Dean Falk, an anthropologist at The Florida State University who was not involved in the study, says it is not only the quantity of speech that matters in language acquisition but the quality. “Motherese” is the universal simplistic language and sing-song tone associated with baby talk. Although it may seem like an annoying by-product of encountering chubby limbs, big eyes and soft cheeks, there is a strong developmental benefit of speaking in baby talk. The accentuated vowels help children distinguish between words, while simplistic sentence structures emphasize teaching object labels.
Falk says when determining how the lack of direct speech impacts Tsimané children’s ability to learn language, she would like to know about the acoustic features of the speech they do receive. “There’s a good deal of cross-cultural variation in how people talk to babies,” she says. “What would be interesting would be if they would start looking at the quality. You know: What is this infant-directed speech like? How is it different from adult-directed speech?”
Tsimané children do overhear conversations between adults for roughly seven minutes every hour. Laura Shneidman, who has conducted similar research on the Mayan population in Mexico, says that although directed speech contributes more to children’s language acquisition, these overheard conversations could still be beneficial, particularly in non-Western societies. Preliminary data from Shneidman’s research suggest that although U.S. children do a better job of retaining learning through directed speech, Mayan children remember new information from both directed and overheard speech. “The importance of something being directed, per se, varies depending on your culture. Kids growing up in the U.S. get a lot of information that things you direct to them are important,” Shneidman says. “Kids in other cultures where observational learning is more prevalent don’t have those heavy cues that you should only attend and pay attention to things that are directed to you.”

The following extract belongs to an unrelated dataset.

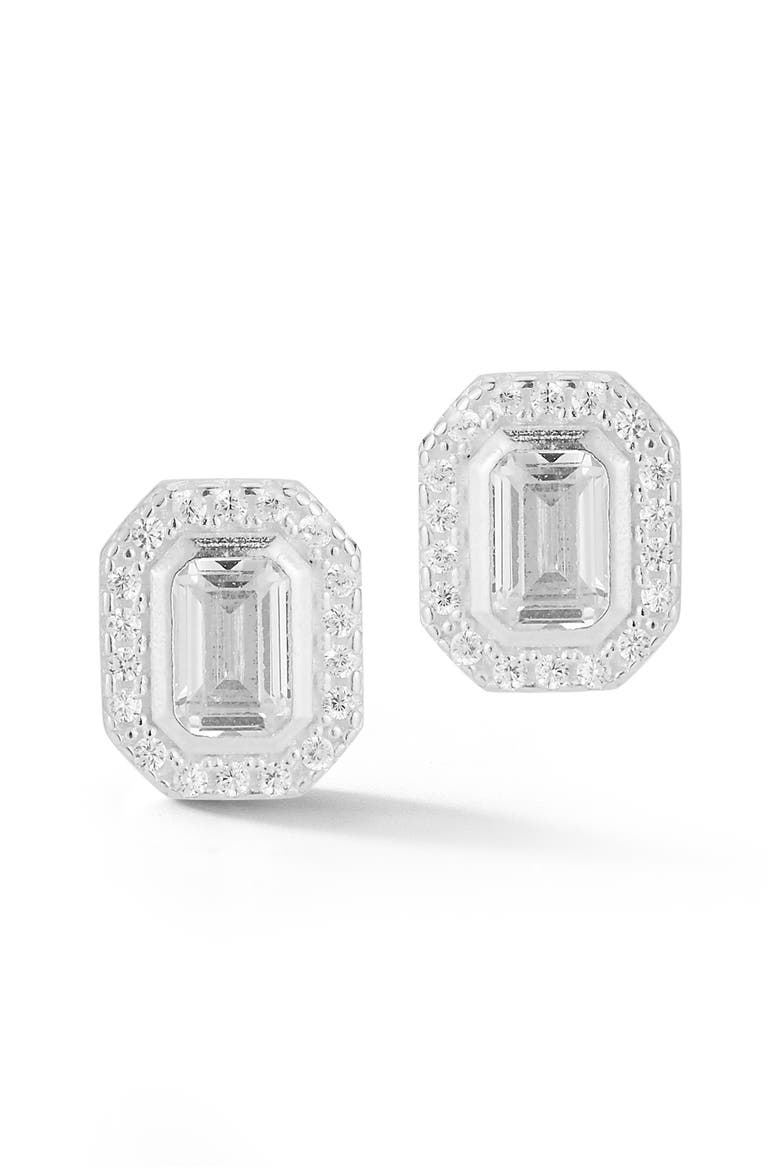 Cubic Zirconia Halo Stud Earrings, Alternate, color, SILVER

Before you stop talking to your children, however, Shneidman notes that for Westerners, speaking to infants is still critical—especially when considerations like school and competition with other children are taken into account. “In the United States there’s a lot of evidence that talking to kids matters and has these effects on later acquisition,” she says. “I think what’s problematic is taking programs of intervention that have worked in the United States, and taking them wholesale to these other cultures.”